Dalam kondisi seperti di atas, gerakan mahasiswa di awal 90an mencari bentuk baru. Warisan angkatan sebelumnya, terutama dari gerakan mahasiswa generasi '70-an dan '80-an yang "terusir" dari kampus akibat NKK/BKK, adalah pembentukan lingkaran-lingkaran studi serta aksi advokasi rakyat. Pembelaan mahasiswa atas kasus penggusuran tanah di Pulau Jawa, mulai kasus Kedung Ombo, Cilacap, Badega, hingga Blangguan, menjadi tren baru pada masa itu. Suatu pola baru bertumbuh, mahasiswa bermain di luar kampus sebagai extraparlementer, bertemu dengan rakyat, dan belajar dari mereka yang terpinggirkan.

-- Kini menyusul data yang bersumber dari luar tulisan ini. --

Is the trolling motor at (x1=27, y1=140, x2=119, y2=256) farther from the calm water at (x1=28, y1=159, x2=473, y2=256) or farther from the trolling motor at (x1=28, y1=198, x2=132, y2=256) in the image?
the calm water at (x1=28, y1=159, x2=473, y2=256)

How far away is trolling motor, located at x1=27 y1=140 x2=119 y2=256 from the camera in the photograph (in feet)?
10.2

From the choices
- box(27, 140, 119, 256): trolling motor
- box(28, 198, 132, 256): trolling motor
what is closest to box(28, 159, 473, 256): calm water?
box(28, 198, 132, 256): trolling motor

Dalam gerakan mahasiswa pada tahun 1990-an, kata "Rakyat" muncul kembali sebagai respons terhadap gaya politik yang ada di masa Orde Baru. Pada masa itu, Orde Baru hanya memandang rakyat sebagai "Kawula" yang harus tunduk pada kekuasaan tanpa memiliki kedaulatan. Orde Baru dikenal sebagai rezim yang sangat kuat dalam memadamkan suara kritis, mengontrol kehidupan sosial dan politik dengan ketat, mengabaikan hak asasi manusia, dan sebagainya. Rezim ini juga fokus pada pembangunan ekonomi dengan pendekatan yang dominan militeris.

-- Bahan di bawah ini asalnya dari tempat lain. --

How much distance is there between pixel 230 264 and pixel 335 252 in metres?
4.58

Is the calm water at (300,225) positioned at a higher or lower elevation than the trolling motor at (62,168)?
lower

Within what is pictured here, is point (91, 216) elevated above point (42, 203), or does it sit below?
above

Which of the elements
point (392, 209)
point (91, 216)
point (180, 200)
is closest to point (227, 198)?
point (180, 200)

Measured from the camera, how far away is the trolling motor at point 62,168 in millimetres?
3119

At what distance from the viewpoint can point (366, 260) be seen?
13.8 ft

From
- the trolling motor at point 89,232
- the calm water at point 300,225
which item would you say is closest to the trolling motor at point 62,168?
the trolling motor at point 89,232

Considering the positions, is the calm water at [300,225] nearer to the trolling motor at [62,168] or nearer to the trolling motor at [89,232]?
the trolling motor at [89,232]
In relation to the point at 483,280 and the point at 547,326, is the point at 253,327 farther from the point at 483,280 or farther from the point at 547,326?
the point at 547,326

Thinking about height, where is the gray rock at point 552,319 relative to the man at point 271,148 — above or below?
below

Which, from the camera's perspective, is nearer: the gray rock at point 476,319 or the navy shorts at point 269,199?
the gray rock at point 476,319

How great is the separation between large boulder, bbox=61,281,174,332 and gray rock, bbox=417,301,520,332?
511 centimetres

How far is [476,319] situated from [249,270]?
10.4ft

Dalam menghadapi kekuasaan yang brutal, gerakan mahasiswa pada tahun 1990-an semakin mendekat ke arah politik kerakyatan. Gerakan ini memunculkan berbagai bentuk organisasi seperti komite aksi di kampus, forum solidaritas yang mulai terlibat dalam isu-isu kerakyatan, forum komunikasi antarkampus dan antardaerah serta pembentukan organisasi yang lebih kuat dan berspektrum nasional seperti ALDERA dan Solidaritas Mahasiswa Indonesia untuk Demokrasi (SMID). Gerakan mahasiswa Indonesia saat itu berhasil mempermatangkan apa yang telah dirintis oleh generasi sebelumnya sambil meruntuhkan mitos elitisme gerakan mahasiswa ketika menjatuhkan Soekarno atau dikenal dengan Angkatan 1966.
Di tengah sistem ini, gerakan mahasiswa tumbuh sebagai bentuk perlawanan terhadap ketidakadilan dan kesewenang-wenangan yang dilakukan oleh penguasa. Mahasiswa menjadi suara para rakyat yang teraniaya, mereka memperjuangkan hak-hak dasar kemanusiaan seperti kebebasan berpendapat, kebebasan berserikat, dan keadilan sosial.

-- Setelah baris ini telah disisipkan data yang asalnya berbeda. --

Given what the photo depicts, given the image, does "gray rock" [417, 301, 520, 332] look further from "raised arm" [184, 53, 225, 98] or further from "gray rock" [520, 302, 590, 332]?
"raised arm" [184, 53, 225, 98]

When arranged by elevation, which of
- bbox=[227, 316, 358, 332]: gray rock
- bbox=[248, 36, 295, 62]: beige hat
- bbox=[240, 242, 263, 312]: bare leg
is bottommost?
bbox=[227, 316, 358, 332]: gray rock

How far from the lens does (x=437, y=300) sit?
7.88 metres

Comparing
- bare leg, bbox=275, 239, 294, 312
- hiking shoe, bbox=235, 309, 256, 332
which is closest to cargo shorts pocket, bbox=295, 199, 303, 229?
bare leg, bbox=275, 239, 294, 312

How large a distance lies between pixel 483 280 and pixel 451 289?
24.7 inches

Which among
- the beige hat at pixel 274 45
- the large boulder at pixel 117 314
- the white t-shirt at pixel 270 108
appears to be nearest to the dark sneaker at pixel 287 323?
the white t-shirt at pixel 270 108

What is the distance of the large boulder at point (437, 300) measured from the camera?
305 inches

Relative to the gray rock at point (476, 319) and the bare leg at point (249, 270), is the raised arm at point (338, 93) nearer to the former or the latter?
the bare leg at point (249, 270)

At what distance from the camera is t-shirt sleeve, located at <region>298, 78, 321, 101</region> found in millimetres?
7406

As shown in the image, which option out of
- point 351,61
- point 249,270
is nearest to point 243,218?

Gerakan mahasiswa pada era 1990-an membawa semangat baru dalam perjuangan demokrasi di Indonesia. Mereka tidak lagi takut menyuarakan kritik terhadap pemerintah, bahkan mampu mengorganisir demonstrasi besar-besaran sebagai bentuk perlawanan damai. Gerakan mahasiswa ini juga berhasil menggerakkan kekuatan rakyat yang lain, termasuk buruh, petani, dan masyarakat sipil lainnya.
Salah satu momen paling bersejarah dalam gerakan mahasiswa 1990-an adalah krisis moneter yang melanda Indonesia pada tahun 1997. Krisis ini mengguncang fondasi ekonomi negara dan memperburuk ketimpangan sosial. Mahasiswa tidak tinggal diam melihat dampak buruk krisis ini terhadap rakyat kecil. Mereka mengorganisir demonstrasi besar-besaran menuntut reformasi ekonomi dan politik.